Il dato arriva dal Servizio Studi della Camera, che ha fotografato lo stato di avanzamento del Pnrr in tutta Italia fino al 13 agosto scorso. Dopo le due ‘regine’, nella classifica seguono Veneto (con oltre 11,7 miliardi), Lazio (11,6 miliardi), Sicilia (intorno agli 11,3 miliardi). Queste prime 5 regioni, considerate insieme, fanno incetta del 44 % delle risorse totali destinate ai territori. Seguono Emilia-Romagna (9,9 miliardi) Piemonte (9,6 miliardi) Puglia (9,4 miliardi). Tutte ben al di sopra della media per regione, calcolata in 6,7 miliardi.

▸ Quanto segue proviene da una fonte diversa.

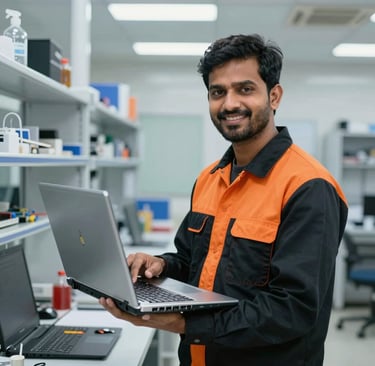 Smiling technician in a futuristic black and orange uniform holding a repaired laptop in a clean, high-tech repair lab.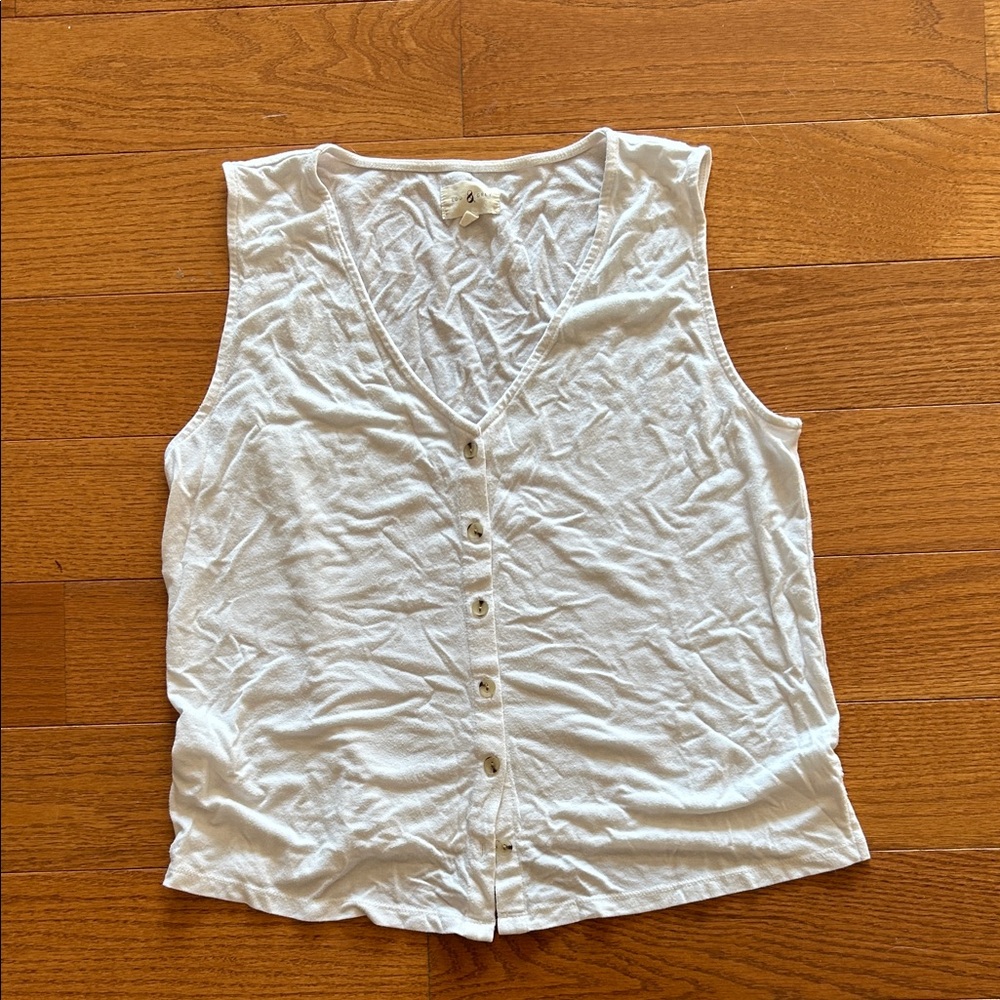 Lou & Grey White Sleeveless Button Tank Top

L’analisi del Servizio Studi contiene anche il dettaglio per missioni: ‘Rivoluzione verde e transizione ecologica’ (missione 2) è il capitolo più ricco, con oltre 43 miliardi destinati ai territori. In questa sfida, Lombardia è prima con 6,1 miliardi, seguita da Emilia-Romagna con quasi 5 miliardi. Sul fronte ‘Istruzione e ricerca’ (missione 4), il pacchetto vale 28,2 miliardi complessivi, con la Lombardia sempre in testa (3,7 miliardi), seguita da Campania (quasi 3 miliardi), Lazio (2,7 miliardi), Sicilia (2,1 miliardi) e Puglia (2 miliardi).
La Lombardia primeggia anche in progetti su ‘Salute e inclusione/coesione’, con 2 miliardi su 14,5 miliardi nella Salute e con 1,2 miliardi su 11,4 miliardi nella coesione. Numeri importanti, che raccontano una storia che va oltre le cifre: Lombardia e Campania non solo si dimostrano in grado di attirare la maggiore fetta di fondi, ma anche di saper costruire progetti vincenti in missioni chiave come la transizione ecologica, ricerca e sanità.